Aku tidak terkejut. Ini seperti mereka sekali, menggelar pertunjukan kecil ini.
"Itu tidak perlu," kataku, suaraku hampa.
Sikapnya berubah dalam sekejap. Kemanisan itu lenyap. "Oh, kurasa perlu," katanya, melangkah lebih dekat. "Kita perlu bicara." Dia menatapku dari atas ke bawah, matanya tertuju pada perutku. "Tahu tidak, kamu benar-benar tidak merawat diri. Pantas saja dia bosan denganmu."
Aku curiga Bas akan segera pulang, siap untuk memainkan peran pahlawan.

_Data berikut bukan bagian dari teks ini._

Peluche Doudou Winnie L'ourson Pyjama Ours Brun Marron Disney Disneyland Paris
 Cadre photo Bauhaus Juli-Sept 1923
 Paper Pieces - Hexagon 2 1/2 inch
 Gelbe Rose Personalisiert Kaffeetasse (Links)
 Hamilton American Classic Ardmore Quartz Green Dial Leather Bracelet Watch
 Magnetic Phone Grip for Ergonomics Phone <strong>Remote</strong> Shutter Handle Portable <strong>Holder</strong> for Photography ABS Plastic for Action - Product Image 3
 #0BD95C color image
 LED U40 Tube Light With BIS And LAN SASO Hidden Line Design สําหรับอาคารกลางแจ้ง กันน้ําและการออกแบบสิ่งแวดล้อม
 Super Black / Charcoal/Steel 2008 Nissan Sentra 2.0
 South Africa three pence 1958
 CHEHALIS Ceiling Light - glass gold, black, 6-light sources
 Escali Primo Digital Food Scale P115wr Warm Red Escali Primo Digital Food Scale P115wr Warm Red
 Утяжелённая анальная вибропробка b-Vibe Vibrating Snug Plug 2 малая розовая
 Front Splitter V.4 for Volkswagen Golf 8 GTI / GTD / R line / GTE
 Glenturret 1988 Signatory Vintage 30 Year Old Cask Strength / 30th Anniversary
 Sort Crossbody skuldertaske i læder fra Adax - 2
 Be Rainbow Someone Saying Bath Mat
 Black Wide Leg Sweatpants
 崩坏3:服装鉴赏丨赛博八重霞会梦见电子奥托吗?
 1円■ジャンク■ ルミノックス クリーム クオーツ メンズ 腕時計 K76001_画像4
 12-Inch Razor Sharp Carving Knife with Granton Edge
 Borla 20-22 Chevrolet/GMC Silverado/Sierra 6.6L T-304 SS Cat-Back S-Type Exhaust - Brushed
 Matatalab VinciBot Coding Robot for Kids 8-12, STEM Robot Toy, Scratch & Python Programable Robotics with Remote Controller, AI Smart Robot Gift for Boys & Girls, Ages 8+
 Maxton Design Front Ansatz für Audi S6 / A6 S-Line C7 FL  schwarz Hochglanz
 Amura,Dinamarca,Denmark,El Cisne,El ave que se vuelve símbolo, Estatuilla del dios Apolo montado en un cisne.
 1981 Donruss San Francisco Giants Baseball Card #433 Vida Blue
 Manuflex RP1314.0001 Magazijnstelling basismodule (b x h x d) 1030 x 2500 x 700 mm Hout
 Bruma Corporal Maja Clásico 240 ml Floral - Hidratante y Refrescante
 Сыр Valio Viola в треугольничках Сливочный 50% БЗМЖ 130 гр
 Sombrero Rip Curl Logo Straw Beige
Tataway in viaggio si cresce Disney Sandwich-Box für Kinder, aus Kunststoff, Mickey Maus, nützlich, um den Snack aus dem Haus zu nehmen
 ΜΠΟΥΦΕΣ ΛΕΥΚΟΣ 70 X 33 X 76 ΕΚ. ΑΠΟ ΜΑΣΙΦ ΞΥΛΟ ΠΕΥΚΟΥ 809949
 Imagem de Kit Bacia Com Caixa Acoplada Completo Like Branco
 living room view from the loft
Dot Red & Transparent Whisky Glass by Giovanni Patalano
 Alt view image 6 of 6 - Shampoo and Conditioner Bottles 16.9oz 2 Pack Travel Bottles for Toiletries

Karina mengulurkan tangan, kuku-kukunya yang terawat sempurna menusuk perutku. "Apa parasit kecil itu baik-baik saja di dalam sana?"
Aku tersentak mundur, tanganku secara naluriah bergerak untuk melindungi diri.
Itu saja yang dia butuhkan. Dia menjerit melengking dan sengaja menjatuhkan dirinya ke belakang, membenturkan kepalanya ke sudut tajam meja kopi.
Sebuah luka menganga di dahinya, dan darah mulai menetes di wajahnya yang sempurna.
Pintu depan terbuka dengan kasar. Bas bergegas masuk, matanya terbelalak panik. Dia bahkan tidak melihatku. Dia berlari lurus ke arah Karina, memeluknya.
"Apa yang terjadi? Kamu baik-baik saja?"
Karina terisak, memeluknya erat. "Ini bukan salahnya, Bas. Dia hanya emosional karena kehamilannya. Seharusnya aku tidak datang."
Air matanya bercampur dengan darah, menciptakan gambaran yang dramatis dan tragis. Dia adalah seorang pemain sandiwara yang ulung.
Bas menoleh padaku, wajahnya badai amarah. "Ada apa denganmu, Clara? Pertama karierku, sekarang ini? Tidak bisakah kamu meninggalkannya sendirian sedetik pun?"
Dia bertingkah seolah-olah aku telah melakukan kejahatan yang tidak termaafkan.
Karina terus berakting. "Bas, jangan salahkan dia. Itu kecelakaan. Aku baik-baik saja, sungguh."
Dia melihat dari wajah Karina yang berdarah ke wajahku yang datar. "Baik-baik saja? Dia menyakitimu! Beraninya kamu membandingkan dirimu dengannya? Kamu bahkan nggak pantas untuk menyemir sepatunya."